═════ Data records

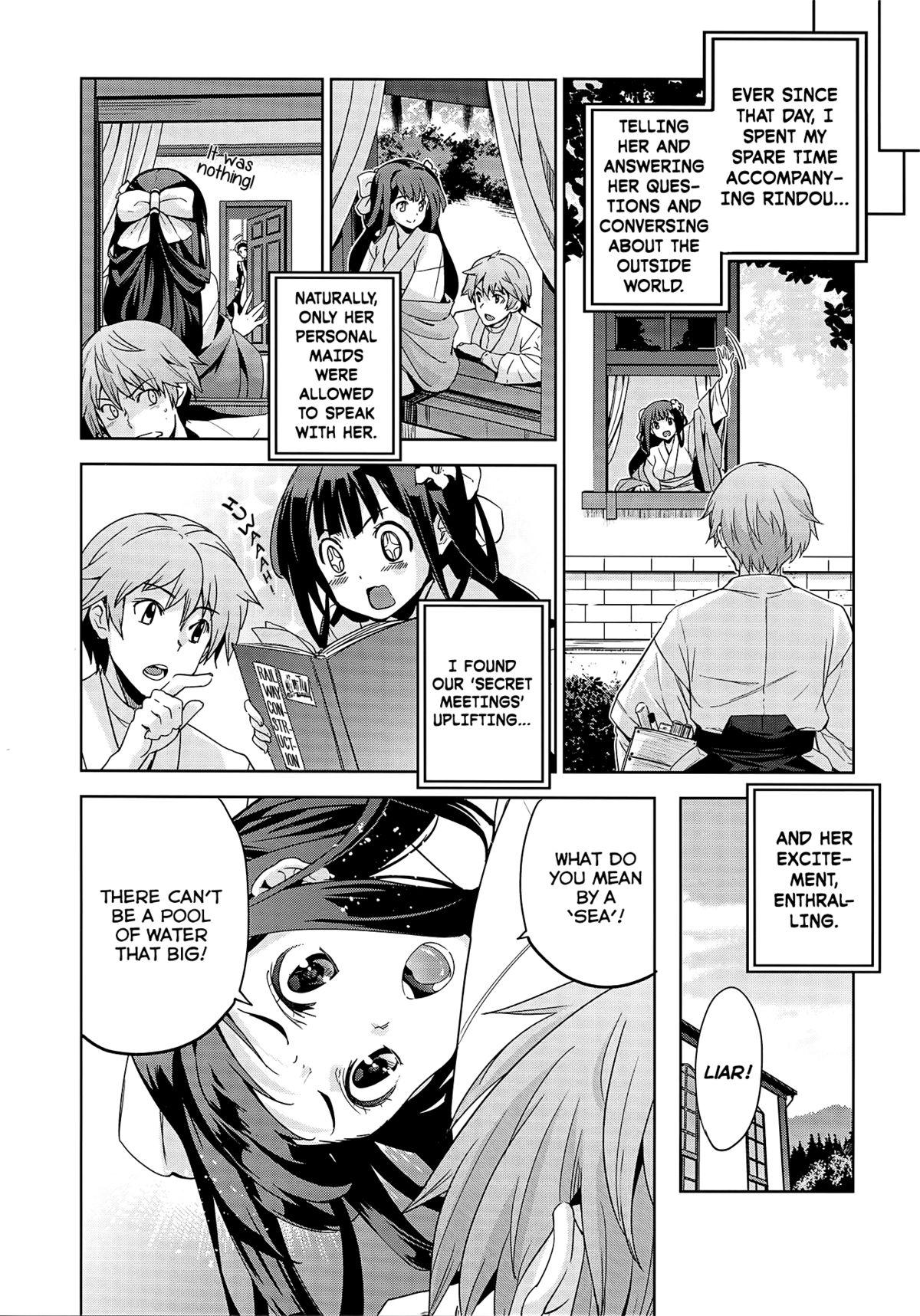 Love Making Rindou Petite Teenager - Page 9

══════════
═════ Data records

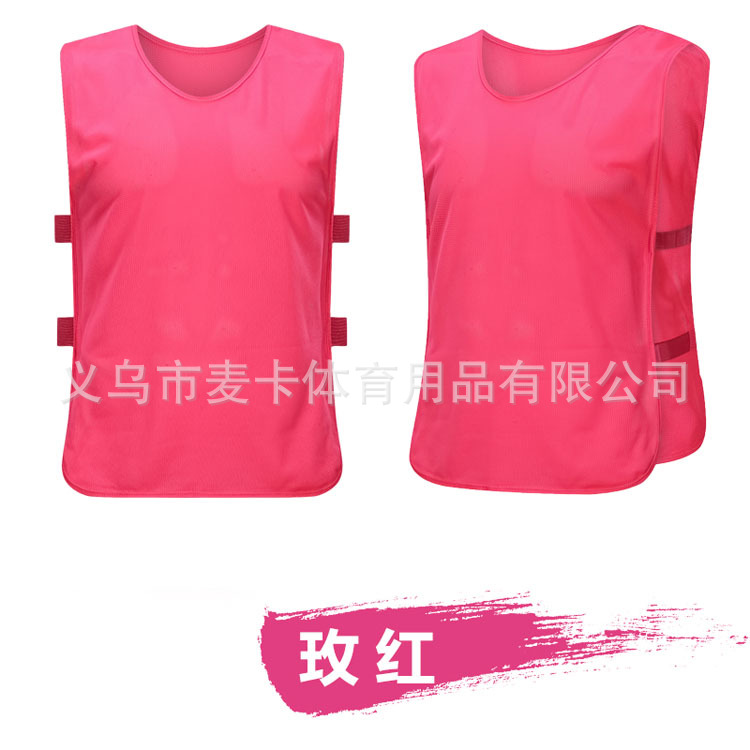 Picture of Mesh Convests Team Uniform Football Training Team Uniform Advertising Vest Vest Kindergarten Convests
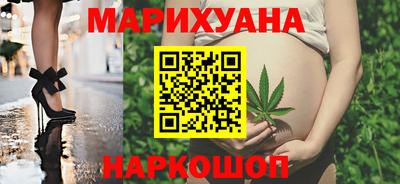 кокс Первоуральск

══════════

• Work instruction
Copy only what lies between the line with "Picture of Mesh" and the line with "кокс Первоуральск", those two lines included, exactly as given above; pictures stay out.

• Exercise solution
 Picture of Mesh Convests Team Uniform Football Training Team Uniform Advertising Vest Vest Kindergarten Convests
 кокс Первоуральск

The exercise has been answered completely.